Not sure if I'm posting this in the right place or if it's been covered before elsewhere, but am hoping to get some advice.

I'll try to keep it brief - I've just had my first IUI with clomid using donor sperm (same-sex relationship and mild PCOS but no known fertility issues) and it was unsuccesful. We're self-funding at an NHS hospital. During all the consultations and tests I had before the procedure, I was never offered a tubal patency test (nor was it ever mentioned to me). Today I've been looking at the HFEA guidelines and they state that:

"It is essential that your fallopian tubes are known to be open and healthy before the IUI process begins. A tubal patency test is usually carried out as part of your assessment by the fertility clinic".

Now I'm starting to worry and wanted to ask whether others in a similar situation to me have had a tubal patency test or if it's normal not to be offered it unless they suspect there could be a problem? I really feel that my clinic should have mentioned this to me, I'd have had to bear the cost so it wouldn't exactly be a use of NHS resources; we're finding the self-funding a strain financially and the idea that I could be spending such a lot of money on IUI treatments whilst my tubes could potentially be blocked is a huge concern. Do I call the clinic and ask why this hasn't been done or just assume I don't need it? Any advice would be appreciated!

Thanks


----------



## MissMayhem (Feb 24, 2013)

Hi razz_ee am sorry to hear you're worried about this. This process is hard enough as it is without our anxiety being increased by professionals who assume we know everything they do when we don't. I'm not sure about tubal tests per se but know that on the NHS they did a laparoscopy and think this was to test my tubes. Ironically my test missed something else anyway. Did you have one? I'm sure there will be others along who know more but if it were me I would be asking the clinic. They may have done something to check that you're unaware. If not you can make sure that your tubes are checked before you progress. Good luck.xx


----------



## mrsww (Sep 1, 2013)

At my clinic I had to have a HyCoSy before IUI it was expensive but good to know tubes are clear.  We've had two negatives IUIs that were natural and are soon to start a medicated cycle, fingers crossed it's the one.  If not we will move right to ivf.  The cost is stressful but we are trying to save as much as possible.

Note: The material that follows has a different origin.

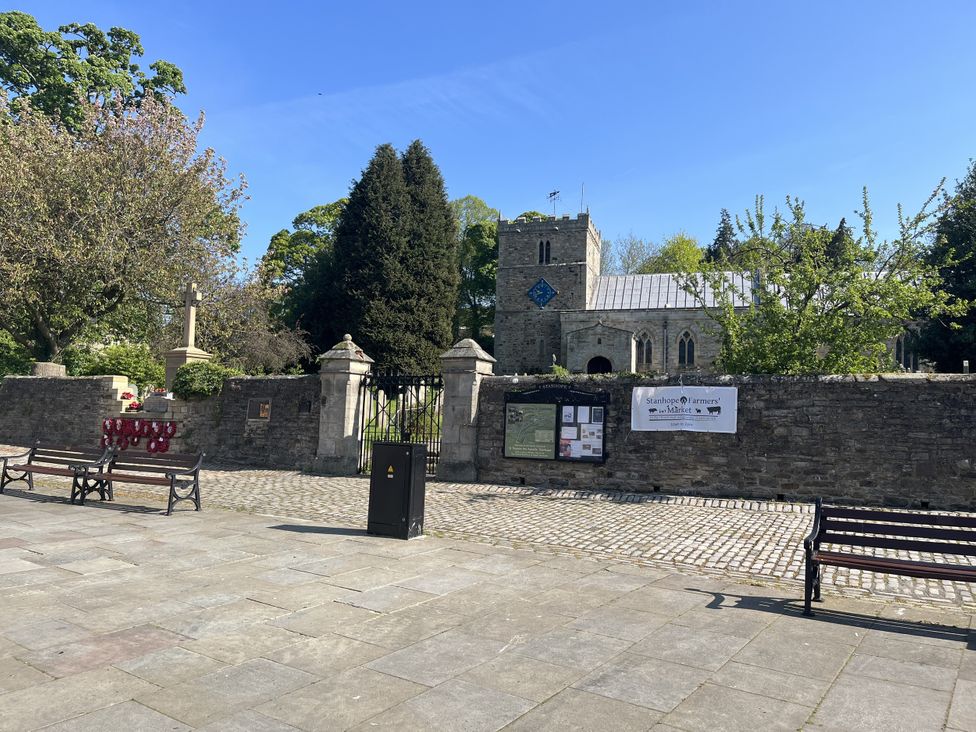 An outdoor view of a church with benches and trees at Bracken Cottage in Stanhope
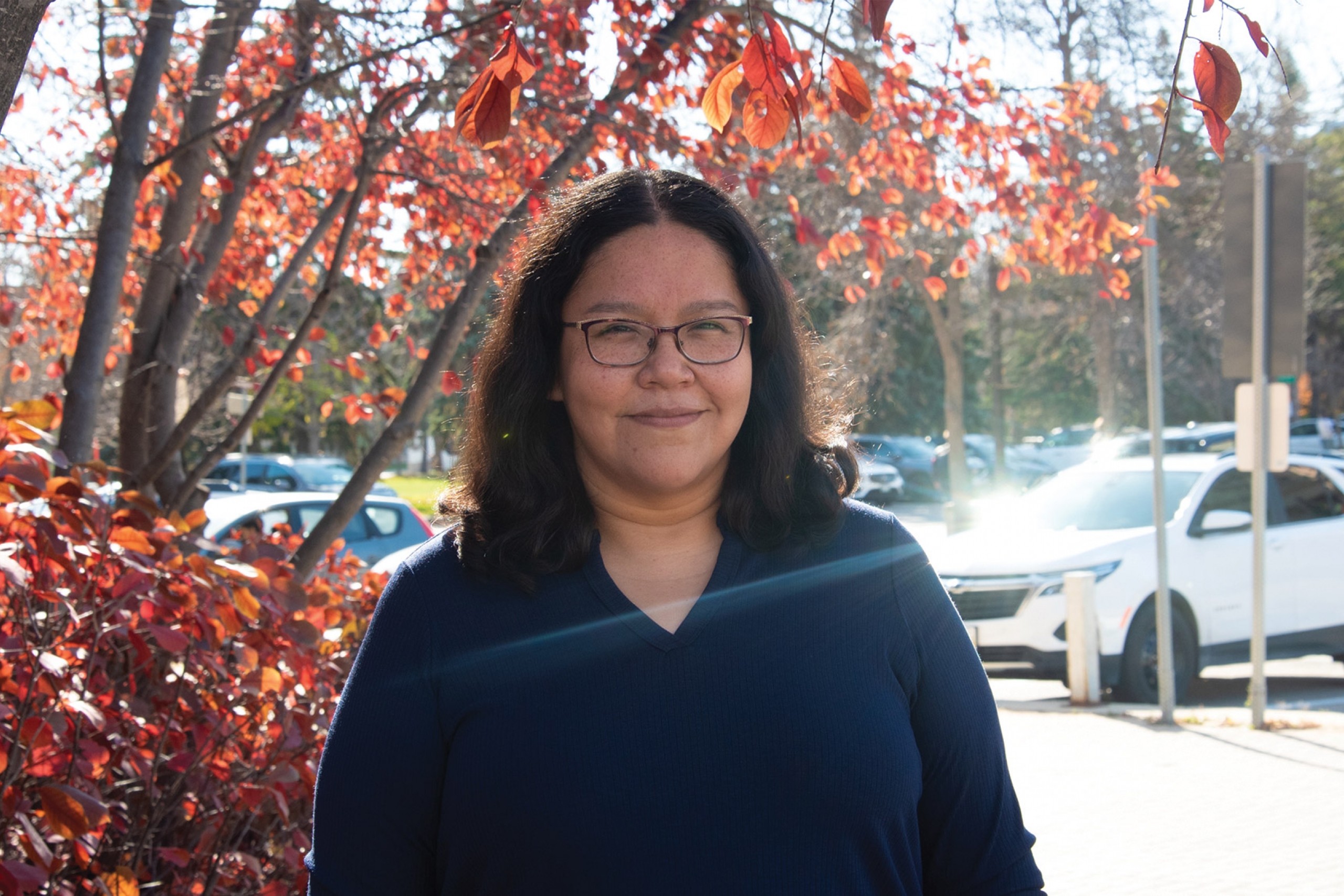 Shana wearing a blue long sleeves in front of a tree smiling at the camera.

I'd ask your clinic to organise the tubal test as it will give you peace of mind that your tubes are open.


----------



## Sas06 (Feb 9, 2014)

Hi our clinic is in a nhs hospital but we self fund I had to have Hycosy when we were trying for 1st child and trying for 2nd I had to have it again I thought it was a must have before any treatment.  I would ask your clinic and maybe see if there are any other clinics in your area and see if they offer it to.


----------



## Dramaqueen88 (Jun 30, 2014)

Hi razz_ee,

I was requested to have a tubal latency test (in my case a HSG) before IUI. The nhs told me That without it they couldn't begin treatment. Our fertility issues were male factor, although we later found out I had pcos.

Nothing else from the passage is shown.